┌──
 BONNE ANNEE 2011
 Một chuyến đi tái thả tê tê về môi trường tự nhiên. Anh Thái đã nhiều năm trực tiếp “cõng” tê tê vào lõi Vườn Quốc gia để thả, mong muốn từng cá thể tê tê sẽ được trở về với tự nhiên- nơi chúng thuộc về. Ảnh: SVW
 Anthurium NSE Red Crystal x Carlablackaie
└──
┌──
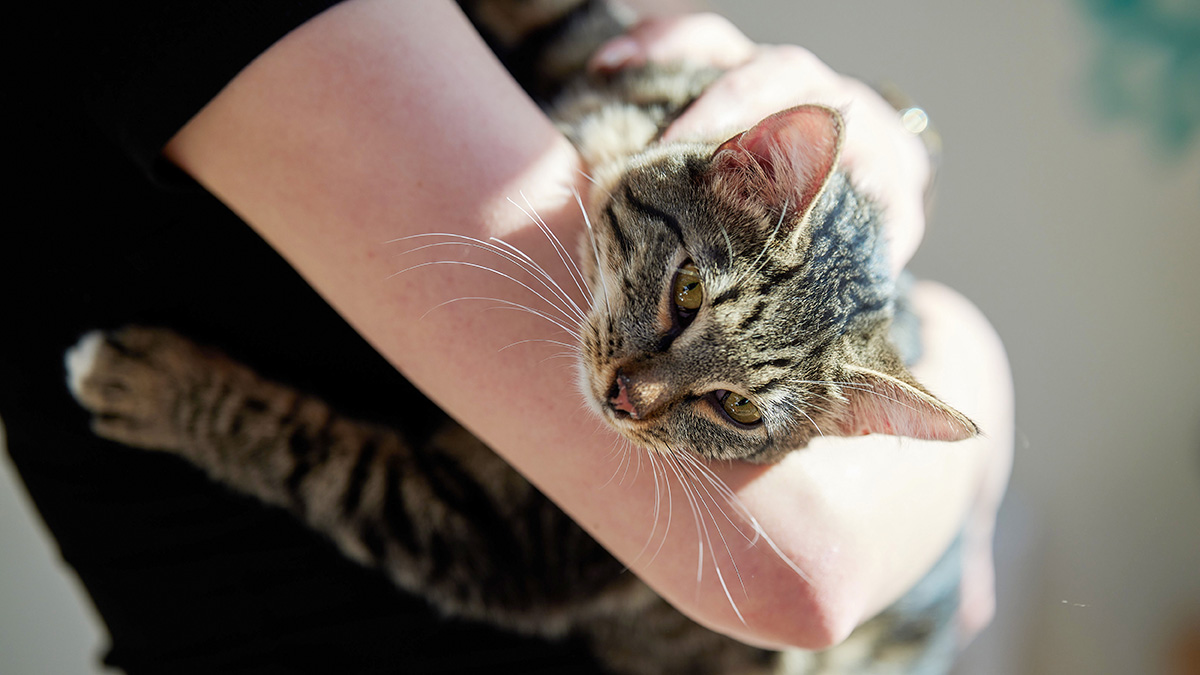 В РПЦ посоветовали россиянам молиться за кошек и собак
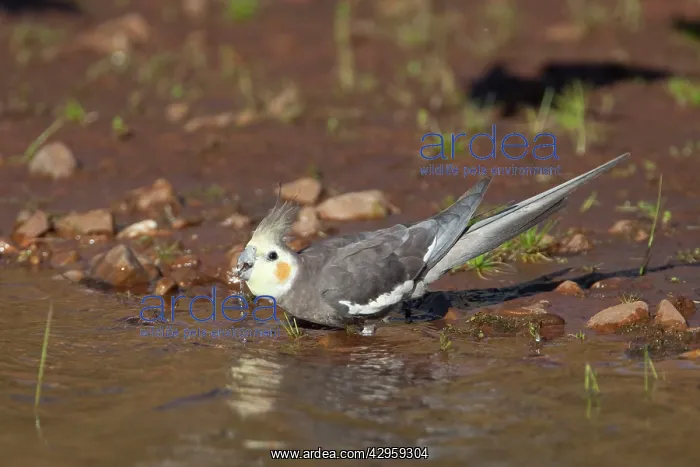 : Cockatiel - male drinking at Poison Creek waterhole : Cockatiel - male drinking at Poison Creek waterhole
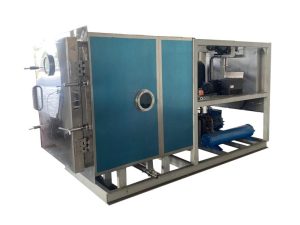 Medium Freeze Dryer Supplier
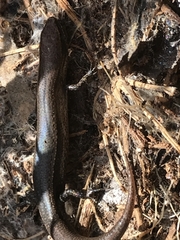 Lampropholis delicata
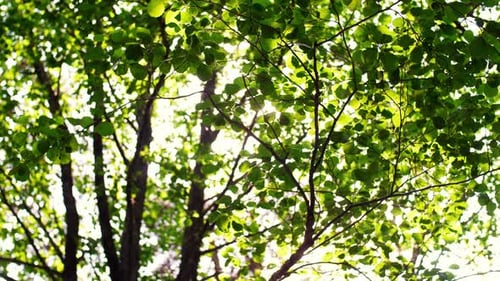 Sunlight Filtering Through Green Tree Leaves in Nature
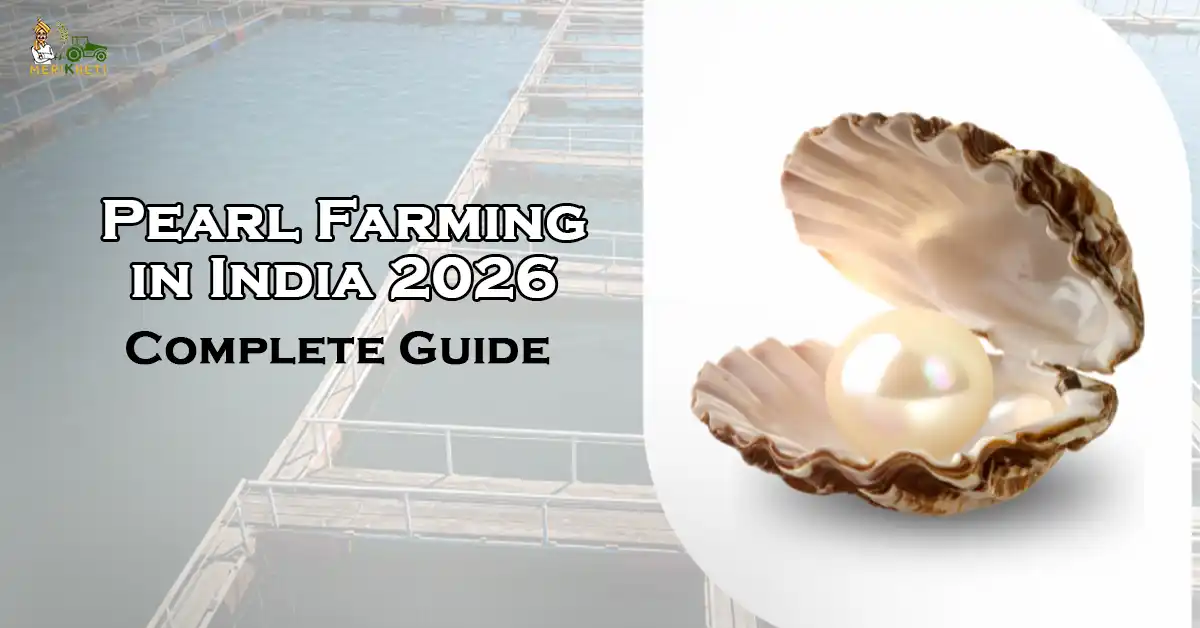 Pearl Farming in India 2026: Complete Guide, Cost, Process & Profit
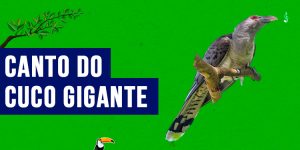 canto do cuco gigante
└──
┌──
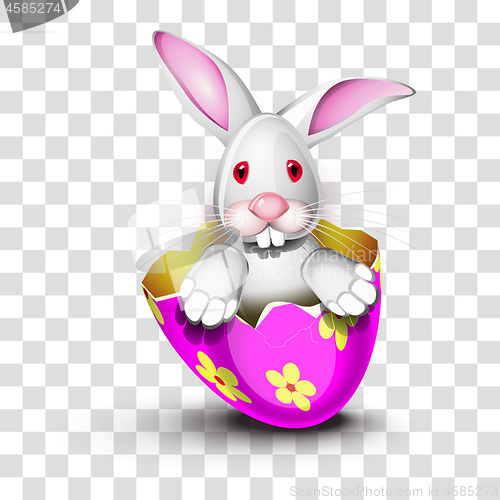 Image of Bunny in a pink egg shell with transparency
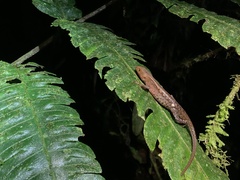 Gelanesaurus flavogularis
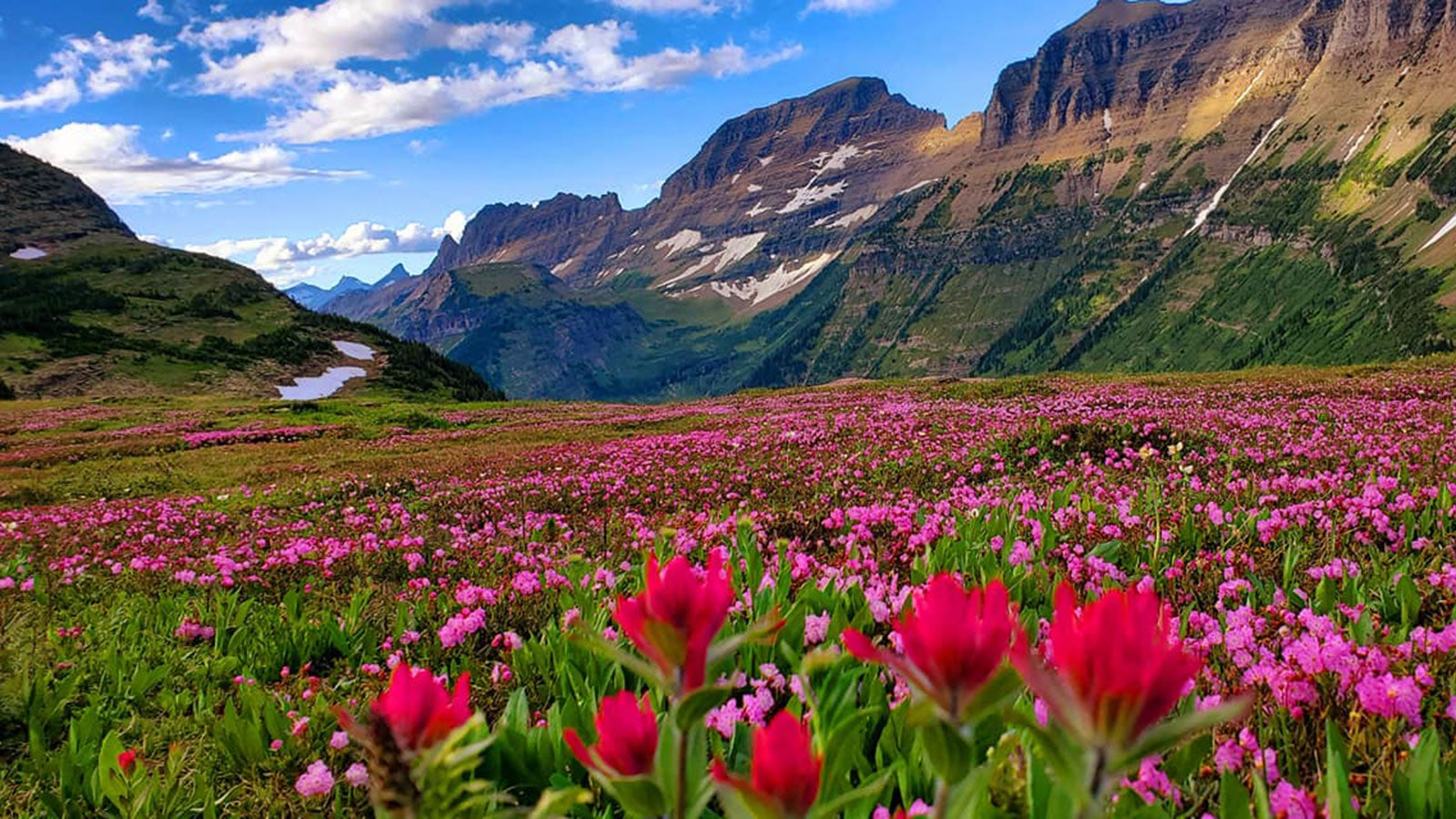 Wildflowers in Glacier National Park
└──
From the listing above, repeat only the lines between the line containing "Image of Bunny" and the line containing "Wildflowers in Glacier National Park", those two included. Pictures are not part of the copy.

 Image of Bunny in a pink egg shell with transparency
 Gelanesaurus flavogularis
 Wildflowers in Glacier National Park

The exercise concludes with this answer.